The process is called high-k/metal gate manufacturing and it replaces the silicon dioxide in chips that gave the Silicon Valley its nickname. By using the element hafnium instead of silicon, Intel was able to shrink its processors to 45 nanometers (nm) while at the same time improving performance and reducing heat.

Intel (NASDAQ: INTC) said it began work on this new process back in 1995 because it saw the limits of silicon-based processors coming. Up to now, the high-k/metal gate manufacturing process had been Intel’s competitive advantage, but this consortium spreads the wealth to a lot of semiconductor makers.

IBM (NYSE: IBM) and its partners, Chartered Semiconductor Manufacturing, Freescale, Infineon Technologies AG, Samsung Electronics Co., STMicroelectronics N.V. and Toshiba, were able to one-up Intel by going to a 32nm manufacturing process on 300 millimeter (mm) wafers in IBM’s East Fishkill, N.Y. facility.

They can begin taking orders now and expect to start delivering products in 2009, according to Mukesh Khare, senior manager for high-k/metal gate technology development at IBM Microelectronics.

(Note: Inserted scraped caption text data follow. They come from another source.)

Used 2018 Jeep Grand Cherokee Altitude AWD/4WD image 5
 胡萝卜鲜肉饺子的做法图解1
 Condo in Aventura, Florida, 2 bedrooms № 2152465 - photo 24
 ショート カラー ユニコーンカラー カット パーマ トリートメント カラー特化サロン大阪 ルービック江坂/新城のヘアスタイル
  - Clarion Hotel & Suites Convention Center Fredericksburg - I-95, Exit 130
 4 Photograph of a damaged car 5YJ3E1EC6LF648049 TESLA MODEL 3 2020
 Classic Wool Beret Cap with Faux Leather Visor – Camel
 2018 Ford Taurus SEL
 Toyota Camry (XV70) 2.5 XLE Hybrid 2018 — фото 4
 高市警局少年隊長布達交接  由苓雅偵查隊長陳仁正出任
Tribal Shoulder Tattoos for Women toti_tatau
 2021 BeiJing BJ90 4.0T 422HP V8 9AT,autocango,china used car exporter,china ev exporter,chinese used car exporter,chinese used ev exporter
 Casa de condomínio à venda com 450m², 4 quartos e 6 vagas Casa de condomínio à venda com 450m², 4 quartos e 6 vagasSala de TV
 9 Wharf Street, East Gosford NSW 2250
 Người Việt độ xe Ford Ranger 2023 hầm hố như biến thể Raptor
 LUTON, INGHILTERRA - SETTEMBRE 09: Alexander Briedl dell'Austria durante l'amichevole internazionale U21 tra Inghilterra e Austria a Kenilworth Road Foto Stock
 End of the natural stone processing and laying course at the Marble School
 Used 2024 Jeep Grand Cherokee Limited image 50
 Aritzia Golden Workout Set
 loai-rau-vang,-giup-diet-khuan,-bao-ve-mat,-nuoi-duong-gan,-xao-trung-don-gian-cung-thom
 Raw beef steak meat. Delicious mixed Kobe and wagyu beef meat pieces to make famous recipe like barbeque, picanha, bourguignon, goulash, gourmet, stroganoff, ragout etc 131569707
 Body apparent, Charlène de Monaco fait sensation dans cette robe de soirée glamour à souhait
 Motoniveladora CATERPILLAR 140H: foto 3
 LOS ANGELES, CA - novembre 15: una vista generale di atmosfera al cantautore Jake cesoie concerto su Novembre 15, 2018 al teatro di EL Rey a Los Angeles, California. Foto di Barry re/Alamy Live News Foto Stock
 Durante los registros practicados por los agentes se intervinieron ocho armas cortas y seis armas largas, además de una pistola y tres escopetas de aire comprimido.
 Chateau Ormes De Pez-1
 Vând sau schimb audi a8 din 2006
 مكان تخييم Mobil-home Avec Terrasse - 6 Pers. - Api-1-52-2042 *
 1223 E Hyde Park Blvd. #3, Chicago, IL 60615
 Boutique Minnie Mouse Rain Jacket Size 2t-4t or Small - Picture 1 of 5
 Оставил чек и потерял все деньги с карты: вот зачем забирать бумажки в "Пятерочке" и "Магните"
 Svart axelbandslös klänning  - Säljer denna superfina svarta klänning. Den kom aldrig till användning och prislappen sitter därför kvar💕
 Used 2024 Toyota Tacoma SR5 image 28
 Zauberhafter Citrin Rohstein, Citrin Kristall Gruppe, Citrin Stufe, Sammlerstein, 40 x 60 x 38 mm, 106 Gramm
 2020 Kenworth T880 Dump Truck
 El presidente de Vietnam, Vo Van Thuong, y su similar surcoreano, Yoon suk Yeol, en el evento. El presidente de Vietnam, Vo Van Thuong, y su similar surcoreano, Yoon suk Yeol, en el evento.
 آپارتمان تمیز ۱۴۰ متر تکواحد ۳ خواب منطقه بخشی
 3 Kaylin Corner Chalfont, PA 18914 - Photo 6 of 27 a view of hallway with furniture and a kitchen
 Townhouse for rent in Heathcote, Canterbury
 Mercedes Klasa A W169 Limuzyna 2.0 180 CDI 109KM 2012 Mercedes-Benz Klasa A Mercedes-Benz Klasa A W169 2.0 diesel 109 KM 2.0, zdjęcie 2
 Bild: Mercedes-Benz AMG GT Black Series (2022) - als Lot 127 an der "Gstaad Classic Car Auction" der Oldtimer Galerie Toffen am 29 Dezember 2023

Khare stressed that this is for all of IBM’s partners, including AMD (NYSE: AMD), which recently migrated to 45nm but not high-k/metal gate. “This process is very open,” he told “That means anybody can come and design processors, not just use it for fabrication, because if you have a fab-less design in 45nm and want to migrate to 32nm, the high-k process is very migratable and very compatible with conventional manufacturing.”

IBM claims the new circuits offer on average 35 percent better performance than 45nm technology circuits at the same operating voltage. It also claimed 32nm consumed between 30 to 50 per cent less power than the 45nm, again at the same voltage level.

Khare said this has application across the boards. “I think every market segment will get benefit out of it because it enables you to go to 32nm, which is a smaller process that requires less power,” he said. “It’s meant for low power, handheld and wireless apps, not necessarily high computing but applicable there as well.”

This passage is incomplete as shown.